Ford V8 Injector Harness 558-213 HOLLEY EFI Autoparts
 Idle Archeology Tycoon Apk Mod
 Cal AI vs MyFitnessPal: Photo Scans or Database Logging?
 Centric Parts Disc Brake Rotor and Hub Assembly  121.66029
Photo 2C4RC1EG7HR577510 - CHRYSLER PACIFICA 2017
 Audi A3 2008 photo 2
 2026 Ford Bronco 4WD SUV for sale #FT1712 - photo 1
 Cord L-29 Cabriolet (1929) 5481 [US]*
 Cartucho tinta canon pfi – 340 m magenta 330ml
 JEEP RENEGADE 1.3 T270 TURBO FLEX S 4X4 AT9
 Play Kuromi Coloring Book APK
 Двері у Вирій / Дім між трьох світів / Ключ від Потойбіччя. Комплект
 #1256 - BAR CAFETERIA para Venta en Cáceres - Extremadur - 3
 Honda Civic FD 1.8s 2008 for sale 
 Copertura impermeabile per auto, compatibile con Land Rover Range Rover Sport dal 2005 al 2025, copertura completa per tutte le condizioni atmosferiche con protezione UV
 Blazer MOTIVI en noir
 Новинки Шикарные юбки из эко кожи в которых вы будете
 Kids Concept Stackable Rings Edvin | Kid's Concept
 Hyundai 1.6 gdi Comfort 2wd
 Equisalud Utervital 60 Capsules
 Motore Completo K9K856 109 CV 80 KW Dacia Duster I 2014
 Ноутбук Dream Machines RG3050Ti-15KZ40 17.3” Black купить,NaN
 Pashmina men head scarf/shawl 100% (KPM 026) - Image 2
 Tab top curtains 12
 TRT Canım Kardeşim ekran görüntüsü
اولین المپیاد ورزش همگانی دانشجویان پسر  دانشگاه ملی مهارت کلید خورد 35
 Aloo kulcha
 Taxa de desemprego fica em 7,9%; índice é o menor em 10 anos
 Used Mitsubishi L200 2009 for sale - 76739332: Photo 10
▬▬▬▬▬▬
> **TASK GOAL**
The material above should be given again in full, exactly.

> **EXERCISE ANSWER**
Ford V8 Injector Harness 558-213 HOLLEY EFI Autoparts
 Idle Archeology Tycoon Apk Mod
 Cal AI vs MyFitnessPal: Photo Scans or Database Logging?
 Centric Parts Disc Brake Rotor and Hub Assembly  121.66029
Photo 2C4RC1EG7HR577510 - CHRYSLER PACIFICA 2017
 Audi A3 2008 photo 2
 2026 Ford Bronco 4WD SUV for sale #FT1712 - photo 1
 Cord L-29 Cabriolet (1929) 5481 [US]*
 Cartucho tinta canon pfi – 340 m magenta 330ml
 JEEP RENEGADE 1.3 T270 TURBO FLEX S 4X4 AT9
 Play Kuromi Coloring Book APK
 Двері у Вирій / Дім між трьох світів / Ключ від Потойбіччя. Комплект
 #1256 - BAR CAFETERIA para Venta en Cáceres - Extremadur - 3
 Honda Civic FD 1.8s 2008 for sale 
 Copertura impermeabile per auto, compatibile con Land Rover Range Rover Sport dal 2005 al 2025, copertura completa per tutte le condizioni atmosferiche con protezione UV
 Blazer MOTIVI en noir
 Новинки Шикарные юбки из эко кожи в которых вы будете
 Kids Concept Stackable Rings Edvin | Kid's Concept
 Hyundai 1.6 gdi Comfort 2wd
 Equisalud Utervital 60 Capsules
 Motore Completo K9K856 109 CV 80 KW Dacia Duster I 2014
 Ноутбук Dream Machines RG3050Ti-15KZ40 17.3” Black купить,NaN
 Pashmina men head scarf/shawl 100% (KPM 026) - Image 2
 Tab top curtains 12
 TRT Canım Kardeşim ekran görüntüsü
اولین المپیاد ورزش همگانی دانشجویان پسر  دانشگاه ملی مهارت کلید خورد 35
 Aloo kulcha
 Taxa de desemprego fica em 7,9%; índice é o menor em 10 anos
 Used Mitsubishi L200 2009 for sale - 76739332: Photo 10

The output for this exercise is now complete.